Over the years, there has been much talk but little progress. The St Malo agreement failed to deliver, the high-level working group made some progress, we have had some success in missile co-operation, the A400M transport aircraft struggles on, but we have hardly scratched the surface. The stark truth is that both our nations cannot afford to maintain a complete range of independent military capability. President Sarkozy has courageously brought France back into NATO’s military structure and has made a number of overtures to the United Kingdom for greater military co-operation. At a recent Franco-British-RUSI seminar in London, Michel Miraillet, the French defence policy director, said:

“More than ever we are ready to co-operate with the United Kingdom”,

but,

“is the UK ready to cross the Rubicon? That is the question”.

It is a question of leadership and political will. By way of example, let us take our new carriers. There will be a number of constituent parts—rotary and fixed-wing aircraft, the crew, escort vessels and submarine protection. Surely there could be a role for the French here. Is it not time to begin to think outside the box? We cannot go on as we are.
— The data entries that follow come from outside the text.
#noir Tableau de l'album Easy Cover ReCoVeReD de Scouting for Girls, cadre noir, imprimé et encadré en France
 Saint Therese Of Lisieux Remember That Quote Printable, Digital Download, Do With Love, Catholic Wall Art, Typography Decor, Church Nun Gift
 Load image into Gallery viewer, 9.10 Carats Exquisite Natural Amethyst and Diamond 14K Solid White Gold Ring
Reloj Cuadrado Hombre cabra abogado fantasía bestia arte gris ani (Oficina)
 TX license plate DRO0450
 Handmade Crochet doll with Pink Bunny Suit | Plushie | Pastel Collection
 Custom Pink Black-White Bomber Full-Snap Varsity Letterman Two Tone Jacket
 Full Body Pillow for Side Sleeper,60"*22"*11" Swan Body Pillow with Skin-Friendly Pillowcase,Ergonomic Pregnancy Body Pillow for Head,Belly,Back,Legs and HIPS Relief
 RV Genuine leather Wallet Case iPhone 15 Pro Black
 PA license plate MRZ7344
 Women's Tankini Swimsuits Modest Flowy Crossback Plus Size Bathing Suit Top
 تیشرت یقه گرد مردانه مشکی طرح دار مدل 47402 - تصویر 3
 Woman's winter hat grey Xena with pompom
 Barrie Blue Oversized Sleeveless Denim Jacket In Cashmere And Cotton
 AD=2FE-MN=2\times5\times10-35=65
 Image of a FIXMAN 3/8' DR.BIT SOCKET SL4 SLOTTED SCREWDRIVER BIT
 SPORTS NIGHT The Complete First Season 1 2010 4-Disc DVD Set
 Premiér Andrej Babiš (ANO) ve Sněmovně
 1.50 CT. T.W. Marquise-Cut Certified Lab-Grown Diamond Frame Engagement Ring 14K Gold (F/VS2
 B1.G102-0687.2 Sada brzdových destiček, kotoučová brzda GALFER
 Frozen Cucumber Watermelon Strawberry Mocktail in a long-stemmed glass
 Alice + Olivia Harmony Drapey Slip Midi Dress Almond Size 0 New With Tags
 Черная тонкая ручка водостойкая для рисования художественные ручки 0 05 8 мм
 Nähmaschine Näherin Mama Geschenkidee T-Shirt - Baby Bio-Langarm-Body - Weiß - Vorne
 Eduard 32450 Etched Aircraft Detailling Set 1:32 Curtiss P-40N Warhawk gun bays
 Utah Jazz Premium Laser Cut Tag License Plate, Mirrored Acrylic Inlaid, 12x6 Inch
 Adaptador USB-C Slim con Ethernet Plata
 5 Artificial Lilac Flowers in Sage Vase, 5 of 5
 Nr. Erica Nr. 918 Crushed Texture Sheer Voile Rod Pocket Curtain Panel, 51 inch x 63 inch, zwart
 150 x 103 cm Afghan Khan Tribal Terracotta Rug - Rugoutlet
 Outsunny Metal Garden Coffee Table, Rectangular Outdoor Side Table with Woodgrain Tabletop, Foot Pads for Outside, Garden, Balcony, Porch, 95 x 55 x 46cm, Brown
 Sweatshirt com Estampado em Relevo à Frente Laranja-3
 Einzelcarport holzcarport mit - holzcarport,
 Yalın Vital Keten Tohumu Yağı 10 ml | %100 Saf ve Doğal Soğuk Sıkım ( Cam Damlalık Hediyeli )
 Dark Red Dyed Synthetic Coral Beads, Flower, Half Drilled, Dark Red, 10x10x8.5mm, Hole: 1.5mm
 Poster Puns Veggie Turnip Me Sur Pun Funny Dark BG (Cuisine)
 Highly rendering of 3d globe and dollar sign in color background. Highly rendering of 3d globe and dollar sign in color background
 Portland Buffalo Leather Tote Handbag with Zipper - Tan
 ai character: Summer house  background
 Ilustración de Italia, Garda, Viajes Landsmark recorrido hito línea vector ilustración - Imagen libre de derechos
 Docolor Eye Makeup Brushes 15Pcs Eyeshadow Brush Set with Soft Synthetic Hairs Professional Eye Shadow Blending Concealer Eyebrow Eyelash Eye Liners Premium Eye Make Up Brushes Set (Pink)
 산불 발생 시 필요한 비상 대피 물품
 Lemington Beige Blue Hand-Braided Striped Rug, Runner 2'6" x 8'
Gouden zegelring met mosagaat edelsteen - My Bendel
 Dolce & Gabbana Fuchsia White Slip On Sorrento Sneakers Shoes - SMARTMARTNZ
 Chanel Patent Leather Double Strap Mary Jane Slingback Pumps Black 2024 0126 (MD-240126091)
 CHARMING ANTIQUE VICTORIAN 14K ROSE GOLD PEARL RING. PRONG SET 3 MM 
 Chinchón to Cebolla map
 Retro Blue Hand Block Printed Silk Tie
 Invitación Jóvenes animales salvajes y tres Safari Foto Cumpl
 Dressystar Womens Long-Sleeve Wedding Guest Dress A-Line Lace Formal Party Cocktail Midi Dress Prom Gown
I understand that on 18 June President Sarkozy will come to London to commemorate General de Gaulle’s 1940 appeal to the French people via the BBC. It will be the 70th anniversary of that event. Does this not present a great opportunity for our Prime Minister to hold out the hand of serious military co-operation and drive it forward, as only a Prime Minister can? Without prime-ministerial involvement, little progress is likely to be made.